Tyrades! Houston, The Column Has Landed
Various terrestrial distractions may have made you overlook it, but July 20 marks the 40th anniversary of man's first walk on the moon.
A magazine article from four decades ago predicted that the Apollo 11 astronauts (Neil Armstrong, Buzz Aldrin, and Mike Collins) would be the most celebrated explorers in history. Indeed, a typical present-day teen can be expected to gush, "Armstrong? You mean he pedaled his bicycle to the moon?" At least we'll always have Armstrong's unforgettable first words upon climbing down the ladder: "I weigh only 30 pounds -- without one trip to Subway! In your face, Jared!"
The moon-landing project cost $25 billion. When President Kennedy announced his aspirations of sending humans to the moon, it warranted a major speech before a joint session of Congress. Today, when President Obama wants to spend $25 billion, it's more like an afterthought. ("Since you're getting up, anyway, would you mind...?")

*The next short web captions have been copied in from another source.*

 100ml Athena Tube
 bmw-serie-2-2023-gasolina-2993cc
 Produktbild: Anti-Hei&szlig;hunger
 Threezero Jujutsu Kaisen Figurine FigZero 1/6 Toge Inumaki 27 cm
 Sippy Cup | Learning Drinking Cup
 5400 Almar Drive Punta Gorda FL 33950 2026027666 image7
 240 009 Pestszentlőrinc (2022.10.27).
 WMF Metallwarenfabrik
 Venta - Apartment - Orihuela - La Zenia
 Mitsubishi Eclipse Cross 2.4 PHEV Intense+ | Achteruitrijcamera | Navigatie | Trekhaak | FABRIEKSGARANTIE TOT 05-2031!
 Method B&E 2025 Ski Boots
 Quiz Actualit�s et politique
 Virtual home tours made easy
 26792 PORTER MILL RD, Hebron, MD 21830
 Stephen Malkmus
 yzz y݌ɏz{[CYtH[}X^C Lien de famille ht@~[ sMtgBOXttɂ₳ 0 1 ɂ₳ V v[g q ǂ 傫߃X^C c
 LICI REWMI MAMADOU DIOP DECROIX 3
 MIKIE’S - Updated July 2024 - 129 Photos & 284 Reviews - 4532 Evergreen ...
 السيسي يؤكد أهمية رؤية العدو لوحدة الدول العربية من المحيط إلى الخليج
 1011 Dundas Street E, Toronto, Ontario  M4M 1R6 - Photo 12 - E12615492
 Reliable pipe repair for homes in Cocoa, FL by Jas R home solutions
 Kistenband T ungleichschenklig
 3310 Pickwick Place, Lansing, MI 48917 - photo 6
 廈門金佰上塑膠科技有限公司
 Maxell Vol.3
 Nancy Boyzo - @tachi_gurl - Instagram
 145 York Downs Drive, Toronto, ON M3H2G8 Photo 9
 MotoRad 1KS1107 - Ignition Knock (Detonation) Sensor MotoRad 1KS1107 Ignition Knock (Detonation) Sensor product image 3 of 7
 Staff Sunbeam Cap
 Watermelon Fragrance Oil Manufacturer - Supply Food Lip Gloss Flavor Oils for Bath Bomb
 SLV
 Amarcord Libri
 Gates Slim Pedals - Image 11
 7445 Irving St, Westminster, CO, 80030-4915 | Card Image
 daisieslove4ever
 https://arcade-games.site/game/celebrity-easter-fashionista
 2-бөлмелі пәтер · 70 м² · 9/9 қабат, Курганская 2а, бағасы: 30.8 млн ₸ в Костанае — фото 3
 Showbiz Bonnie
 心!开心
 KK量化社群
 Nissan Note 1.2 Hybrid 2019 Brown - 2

Things have really changed since President Kennedy's idealistic 1962 speech at Rice University about the space program. Nowadays we're more likely to hear political statements such as "We choose to put Al Franken in the Minnesota Senate seat, not because it's easy, but because it's hard to get a filibuster-proof Senate."
According to Wikipedia, at its peak the Apollo project employed 400,000 people and required the support of over 20,000 industrial firms and universities. Just think if Neil Armstrong had a 2009 mentality and decided to quit halfway to the moon. ("By golly, I think we can find better ways to serve America, hunting caribou or something. Let's turn this rig around and hightail it for home, Buzz.")
Everyone should make a visit to the National Air and Space Museum in Washington, D.C. to see the Apollo 11 command module and other mementoes of aeronautics. The museum is a tribute to those who soar like birds and reach for the stars. It's next door to the Paparazzi Museum, dedicated to the people who slither like reptiles and PHOTOGRAPH the stars.
While researching this column, I borrowed my mother's copy of the July 4, 1969, Life magazine, a special "Off To The Moon" issue. Along with profiles of the Apollo 11 crew and a message from aviation pioneer Charles Lindbergh, it contains a lament that NASA was ruining the romance and mystique of the old "green cheese/weird lunar creatures/cow jumped over the" moon.
Yes, we really had fanciful ideas about the earth's natural satellite. One of my father's acquaintances questioned the wisdom of the whole Apollo endeavor. While driving along listening to radio coverage of the landing, he grumbled "We don't have any idea what the moon is made of. For all we know, it could explode when we land on it."
As coincidence would have it, at that instant a burst of static hit the radio. Thinking the moon had exploded, he nearly wrecked the car.
That's the sort of incident most of us would have kept to ourselves. He should at least have worked up a better cover story. ("What? Did I really make a complete fool of myself while driving? Of course not. We...uh...just faked that and filmed it out in the desert somewhere. Yeah, that's the ticket.")
Note: Danny Tyree wishes well for the ailing Walter Cronkite, whose Apollo 11 coverage kept him enthralled many moons ago.